**Exercise data**

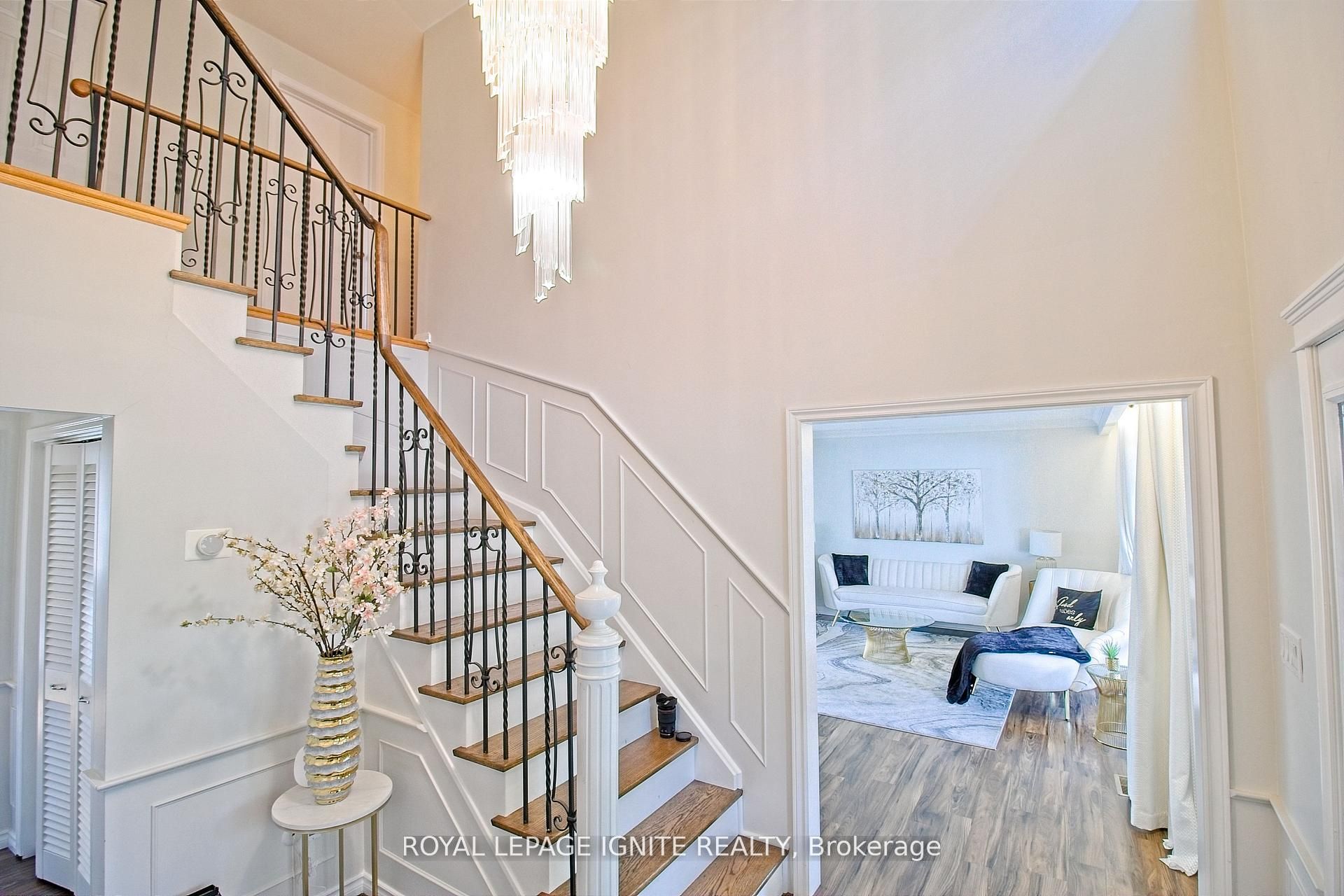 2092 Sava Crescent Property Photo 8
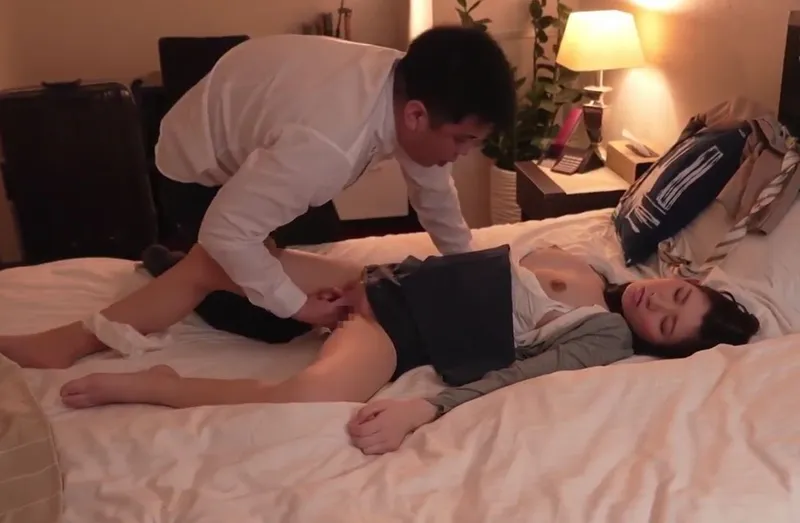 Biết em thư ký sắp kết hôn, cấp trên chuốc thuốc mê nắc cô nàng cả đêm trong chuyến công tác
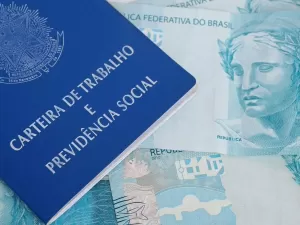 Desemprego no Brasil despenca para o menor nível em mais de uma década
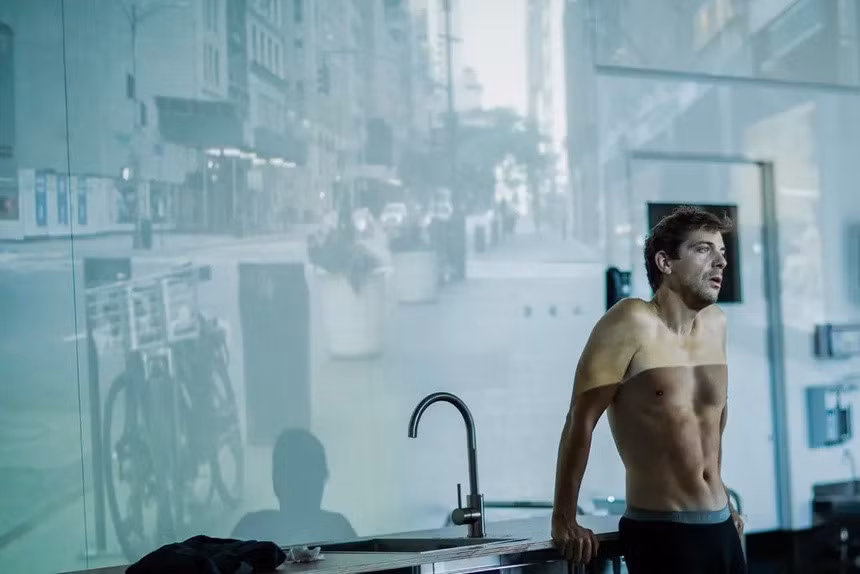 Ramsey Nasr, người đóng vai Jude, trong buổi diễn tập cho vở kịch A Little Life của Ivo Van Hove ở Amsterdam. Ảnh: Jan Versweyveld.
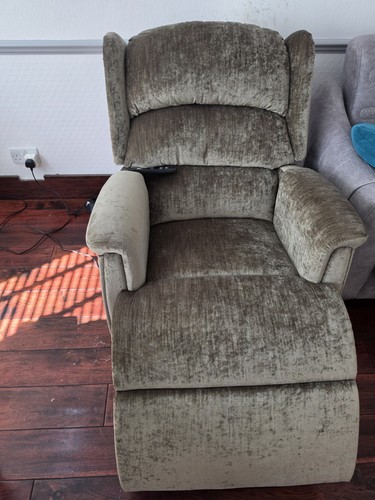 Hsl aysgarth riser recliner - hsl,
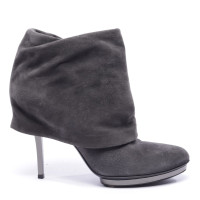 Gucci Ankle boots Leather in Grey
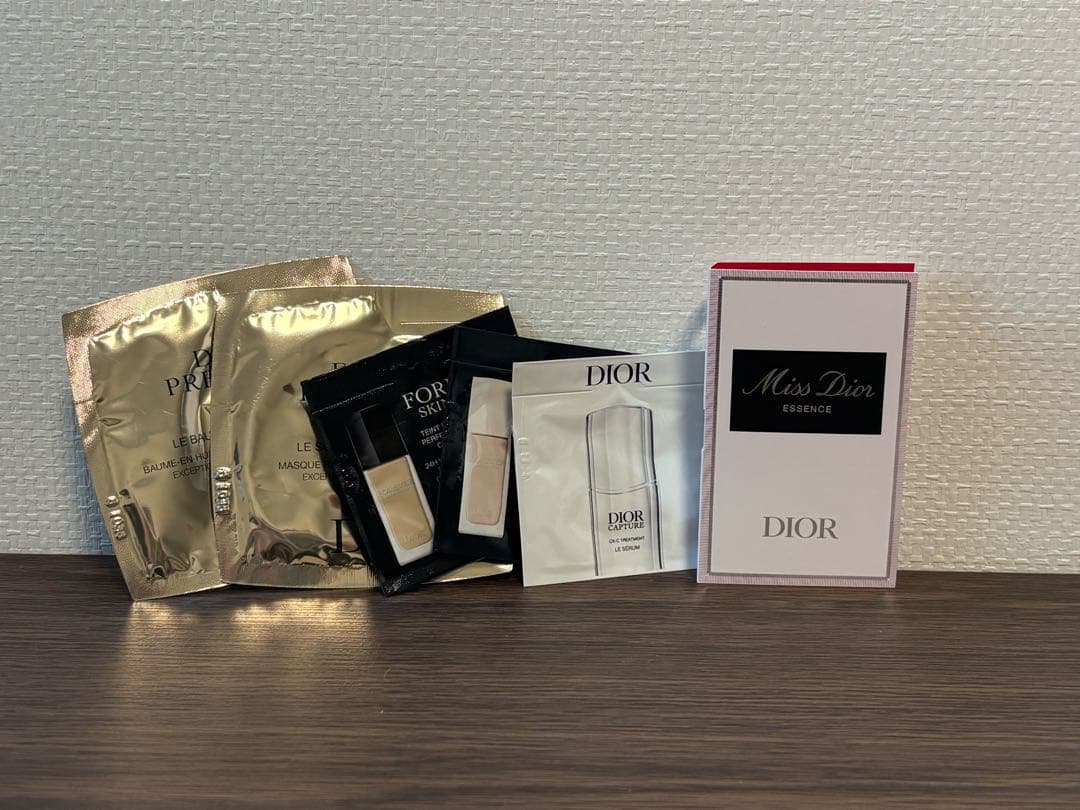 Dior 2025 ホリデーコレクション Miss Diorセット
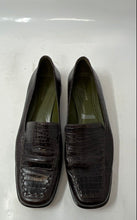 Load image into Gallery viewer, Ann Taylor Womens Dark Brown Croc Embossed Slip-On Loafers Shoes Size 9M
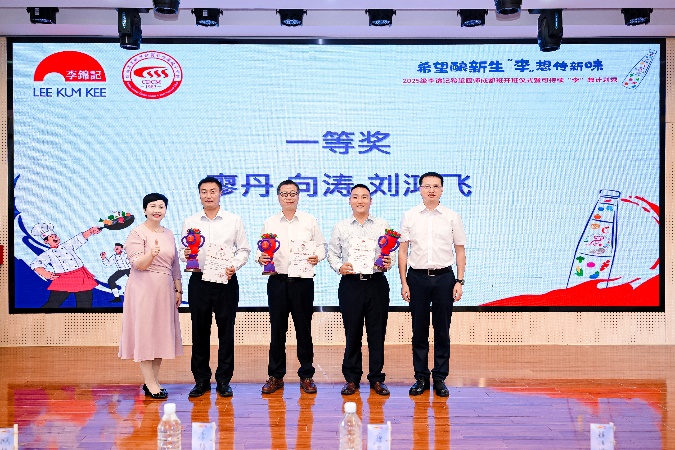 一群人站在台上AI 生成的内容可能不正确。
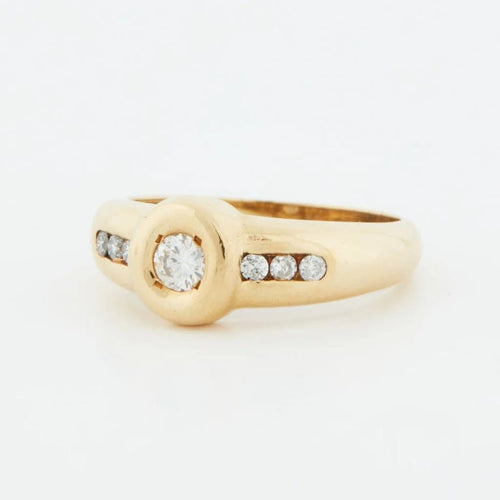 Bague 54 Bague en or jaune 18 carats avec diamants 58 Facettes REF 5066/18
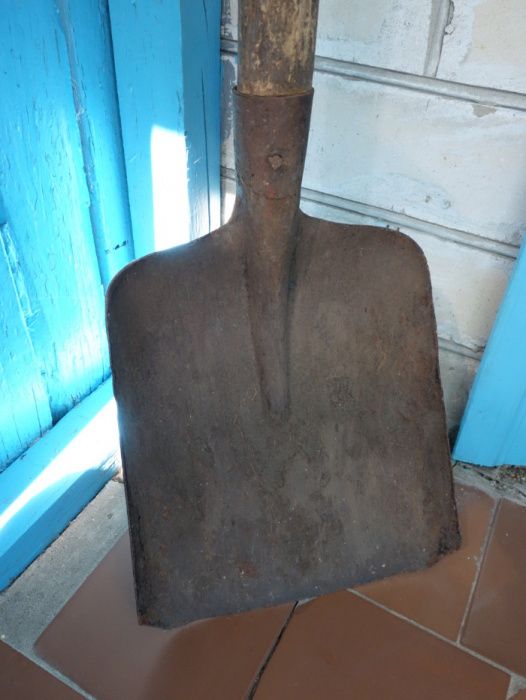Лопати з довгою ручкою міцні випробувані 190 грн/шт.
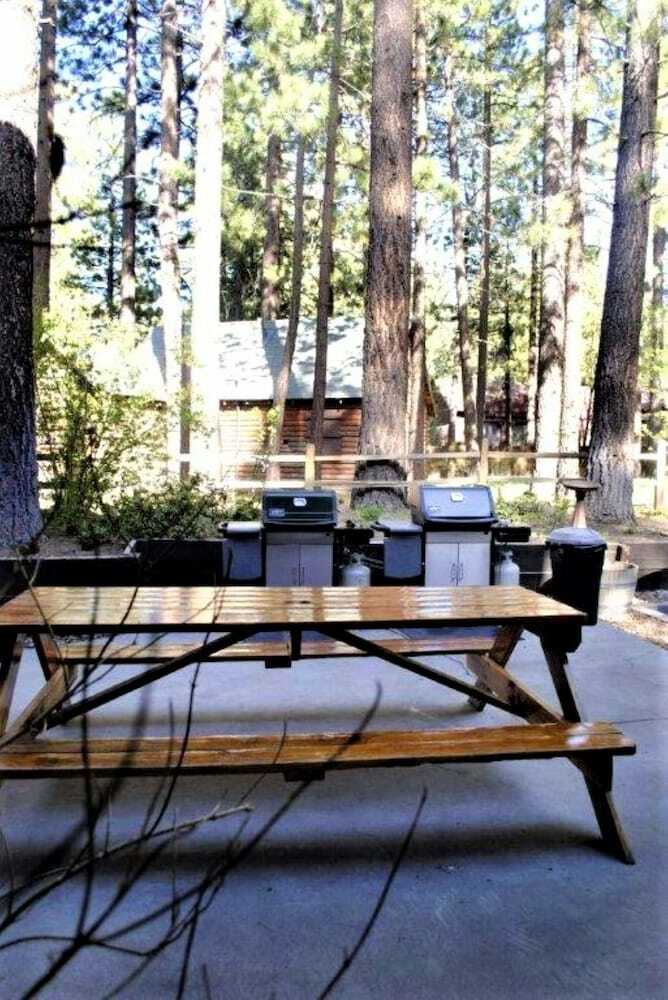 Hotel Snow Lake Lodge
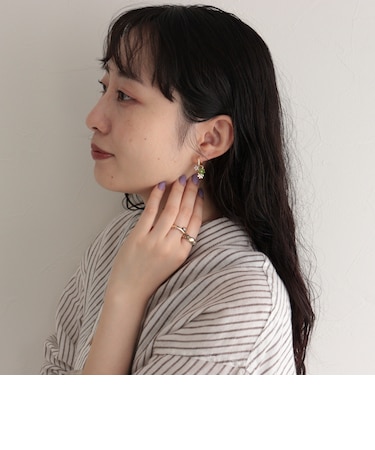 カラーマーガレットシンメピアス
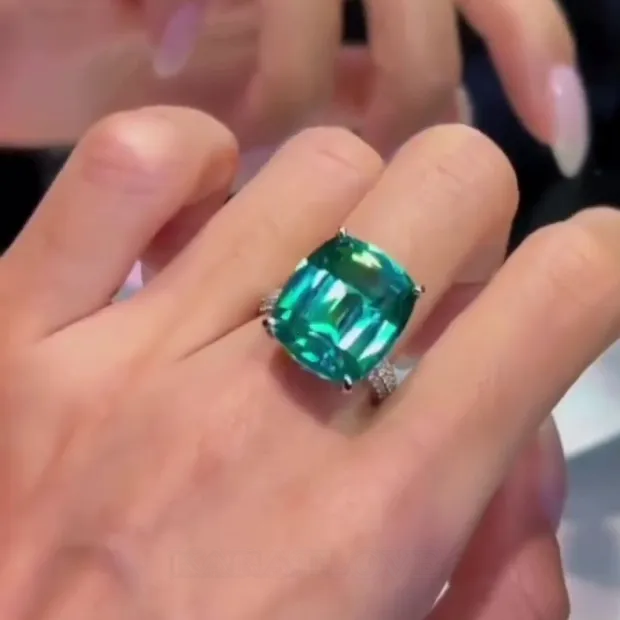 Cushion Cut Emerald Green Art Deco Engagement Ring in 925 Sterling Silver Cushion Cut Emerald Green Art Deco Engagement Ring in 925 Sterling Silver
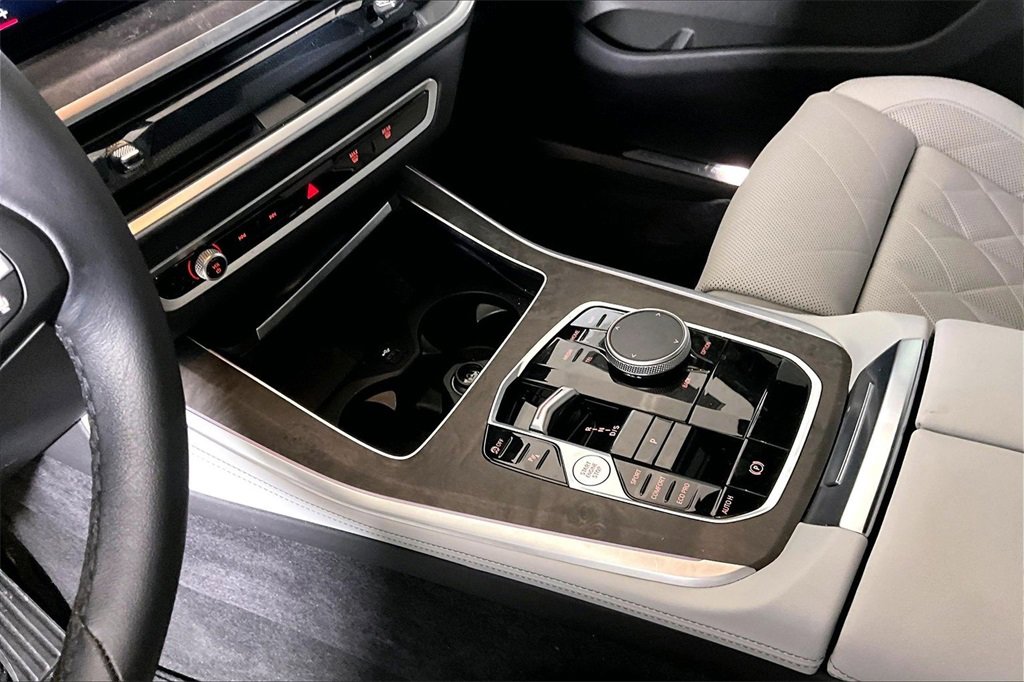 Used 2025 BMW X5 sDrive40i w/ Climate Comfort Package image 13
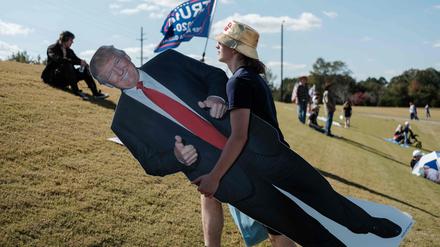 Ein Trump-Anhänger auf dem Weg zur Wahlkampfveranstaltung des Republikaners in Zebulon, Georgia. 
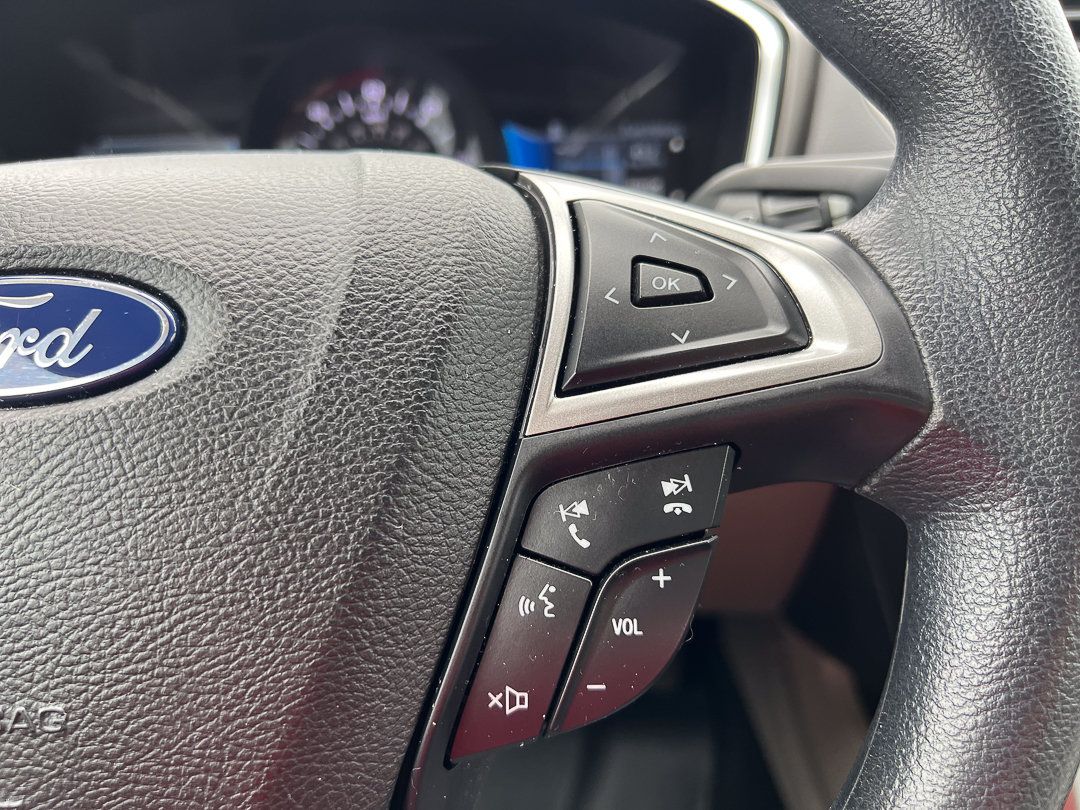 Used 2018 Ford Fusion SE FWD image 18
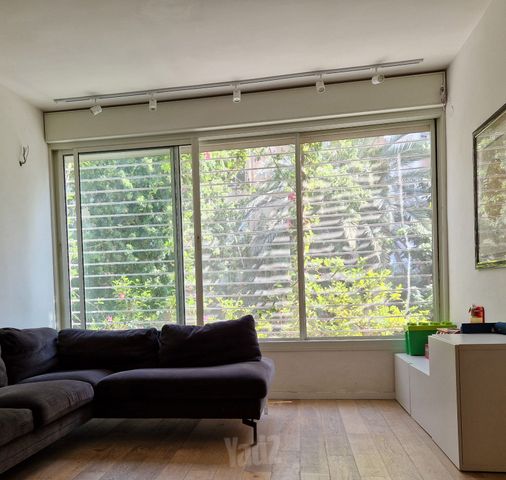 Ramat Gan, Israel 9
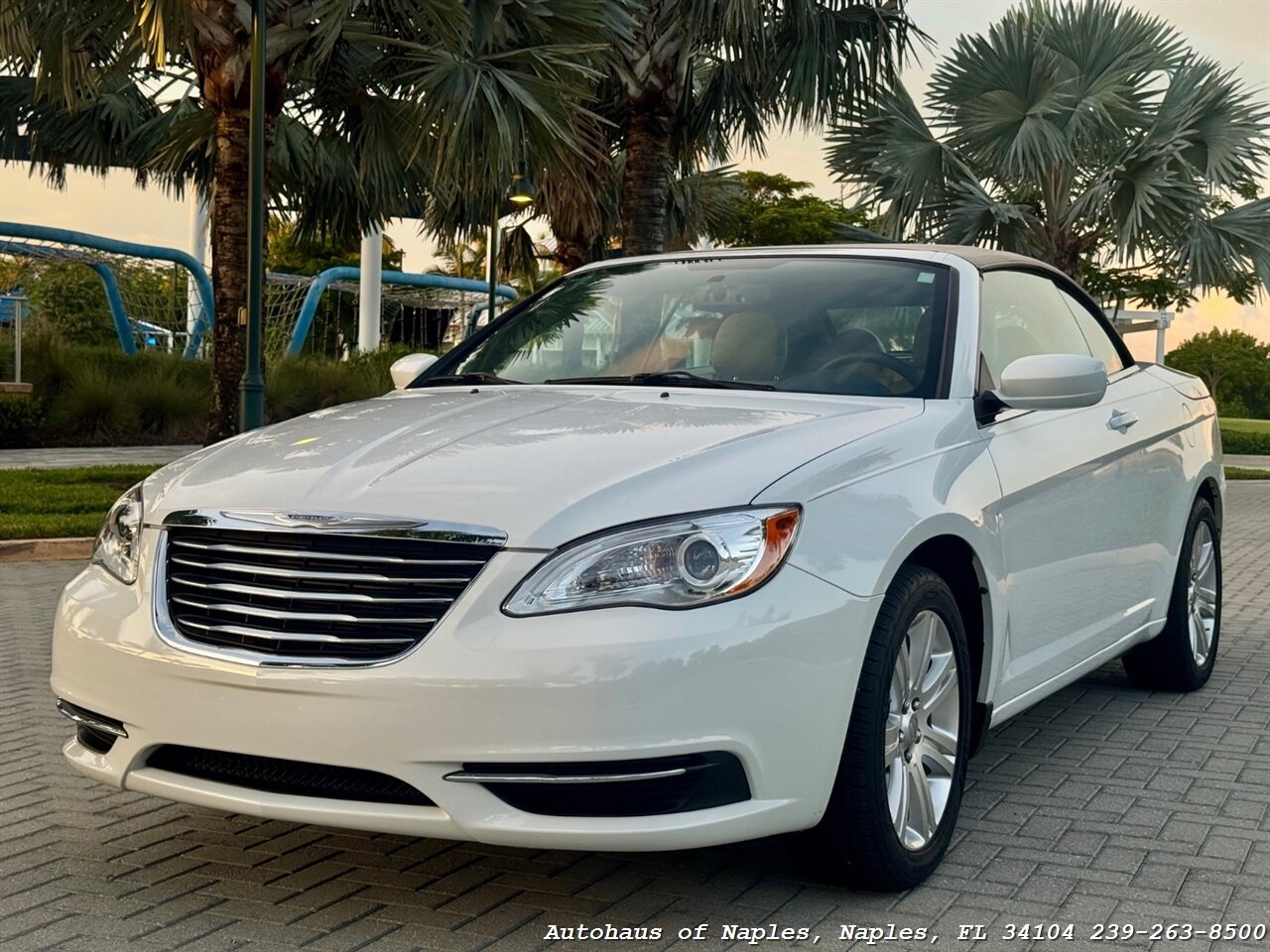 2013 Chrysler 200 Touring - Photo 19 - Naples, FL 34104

**Task description**
Copy only this, please: the line with "Hsl aysgarth riser" and every line after it through the end of the data, with no pictures.

**Answer for the task**
 Hsl aysgarth riser recliner - hsl,
 Gucci Ankle boots Leather in Grey
 Dior 2025 ホリデーコレクション Miss Diorセット
 Load image into Gallery viewer, Ann Taylor Womens Dark Brown Croc Embossed Slip-On Loafers Shoes Size 9M
 一群人站在台上AI 生成的内容可能不正确。
 Bague 54 Bague en or jaune 18 carats avec diamants 58 Facettes REF 5066/18
Лопати з довгою ручкою міцні випробувані 190 грн/шт.
 Hotel Snow Lake Lodge
 カラーマーガレットシンメピアス
 Cushion Cut Emerald Green Art Deco Engagement Ring in 925 Sterling Silver Cushion Cut Emerald Green Art Deco Engagement Ring in 925 Sterling Silver
 Used 2025 BMW X5 sDrive40i w/ Climate Comfort Package image 13
 Ein Trump-Anhänger auf dem Weg zur Wahlkampfveranstaltung des Republikaners in Zebulon, Georgia. 
 Used 2018 Ford Fusion SE FWD image 18
 Ramat Gan, Israel 9
 2013 Chrysler 200 Touring - Photo 19 - Naples, FL 34104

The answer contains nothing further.